堂島取は取引が始まる前の8月8日にホームページ上に「米穀指数市場に関するお知らせ」と題して、取引開始時の「基準数値及び制限数値幅等」の価格を示した。それによると基準価格は、2025年2月限、4月限、6月限とも1万5240円で、これは2024年7月31日に公表した現物コメ指数1万5241円を呼値の10円単位にしたもの。値幅制限は取引所の業務規定にある発会日だけの特例として上下15%までの値幅制限になっているため、これを基準価格から価格換算すると値幅制限額は2280円になり、上値は1万7520円、下値は1万2960円まで広がる。
8月9日に都内で米穀業者が集まった席で説明に当たった堂島取は、この基準価格について触れたが、集まった米穀業者からは驚きの声が漏れた。なぜなら来年2月の価格とは言え、現在始まっている6年産の取引価格からするとあまりにもかけ離れているからである。実際、堂島取の説明会が終わった後の席上取引会では、千葉、茨城の新米コシヒカリが8、9月渡し条件で2万4000円で成約した。この成約価格は税別だが、堂島コメ平均は税込みであることが知らされ2度驚きの声があがった。コメの実情を熟知している当業者からすると上限価格の税込み1万7520円は"買い"の一手で、ストップ高が3回続いてもおかしくない。ところが実際にはそうはならなかった。冒頭に記したように取引開始から3日間は値上がりしたとは言え、14日からのストップ高の値幅制限は2%で額にして300円以内に収まっている。取引の手口を見ると13日の売人はSBI証券で各限月1枚ずつ、買い人は岡安商事で同じく1枚ずつ買って取引が成約した形になっている。15日にはそれぞれが反対売買して値付けをしており、これから想像するにストップ高にならないように当局の顔色を窺いながら売買を行ったというところなのだろう。良く言えば慣らし運転を行ったというところなのだろうが、8月20日には堂島の本拠地大阪でセレモニーが行われ、マーケットメーカーが参入するので出来高は一気に増え、売買が本格化するものと予想される。マーケットメーカー制度とは「専門の取引業者が継続的に売り買いの注文を提示することにより、流動性の一層の向上をはかり、約定がさらに成立しやすくする制度」と説明されている。

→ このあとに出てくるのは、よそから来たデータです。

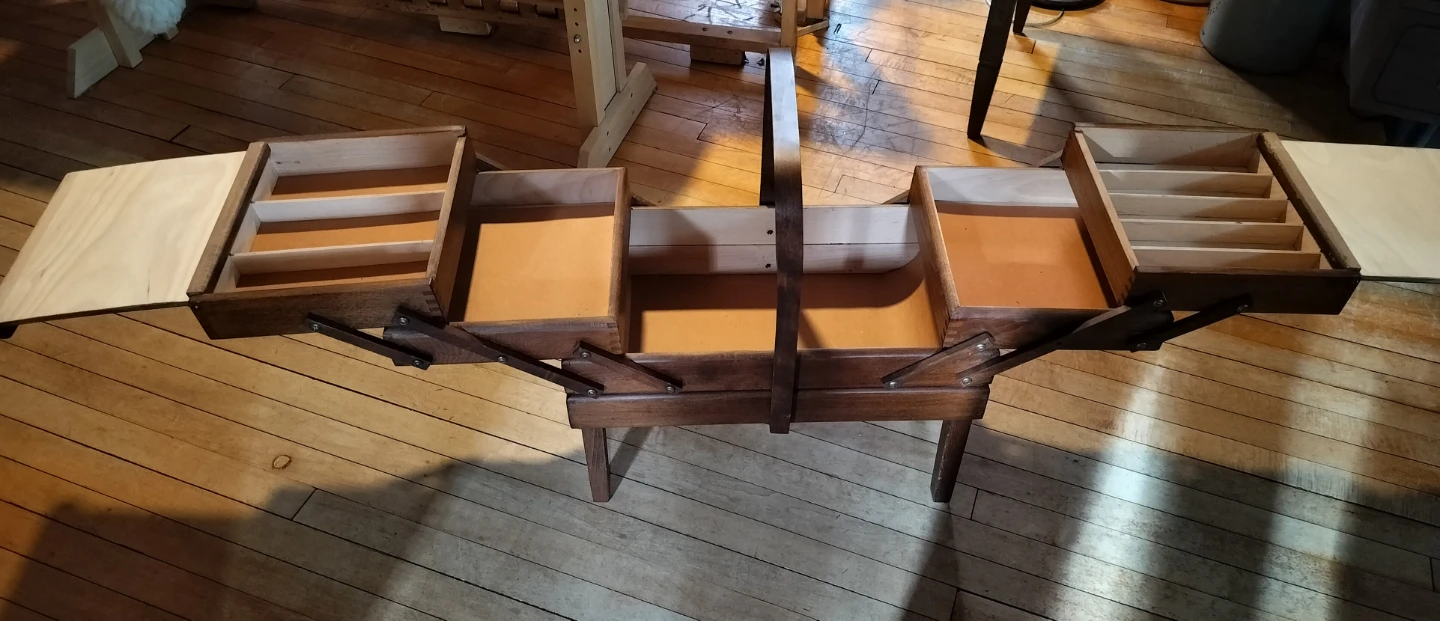 Vintage Wooden Sewing Box - photo 2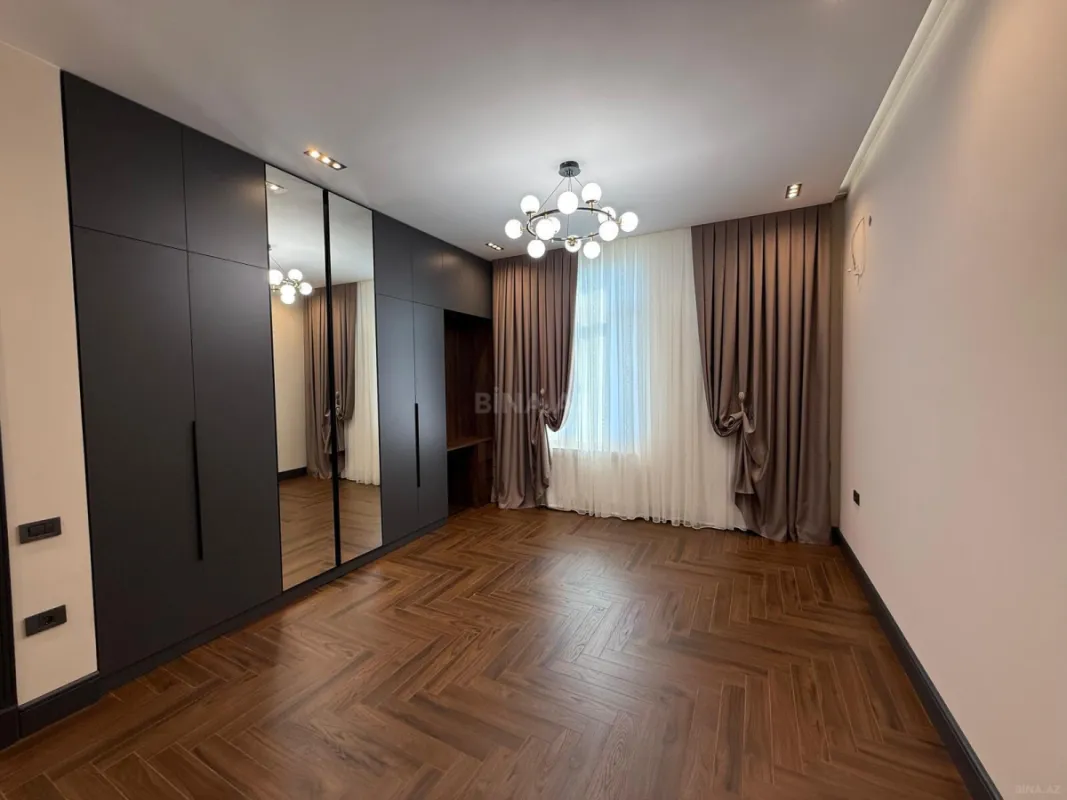 Satılır 7 otaqlı həyət evi 500 m²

約定しやすくなると言っても一般投資家は別にしてコメの当業者が取引に参加するか否かに関しては?マークが付く。それ以前に試験上場中に商先業者に口座を開設していた当業者も今回のコメ指数取引では再度口座を開設しなければならず、さらには試験上場中に活発に行われていた産地銘柄を指定した合意早受渡しも指数取引では出来ない。何よりも先物市場で形成された価格と実際に現物市場で売り買いされるスポット価格の価格差が大き過ぎるのでヘッジに使えるのかさえ分からない。この原因は現物コメ指数算出のベースになっているのは農水省が毎月公表している相対取引価格だからである。農水省はこの相対取引価格をどうやって調べているかというと5000t以上の出荷業者から報告をとっているのだが、その報告は「契約時の価格」になっており、実際に売り買いした価格ではないので、昨年10月に価格を契約していればその価格が適用される。つまり相対取引価格は上がらないのが当たり前なのである。しかし、6年産の相対価格は驚くほど飛び跳ねると予測され、今年の場合、例年より1か月早く年産が切り替わるので9月の相対価格は驚くような高価格が公表されることになるだろう。堂島のコメ現物指数は毎月末に公表されるが、農水省の相対価格をベースにしている以上、9月の価格は飛び跳ねた価格になる。その価格で最終清算しなければならなくなると先行きの値下がりを見込んで売りヘッジしていた業者は大変なリスクを背負い込むことになる。こうしたもろもろの矛盾を早期に解決するには堂島取は早急に市場運営委員会を設置し、現物指数のあり方やさらには格付け専門部会も設けて、指定現物市場が現物の受け渡しをスムーズにできるように体制を整えるべきだ。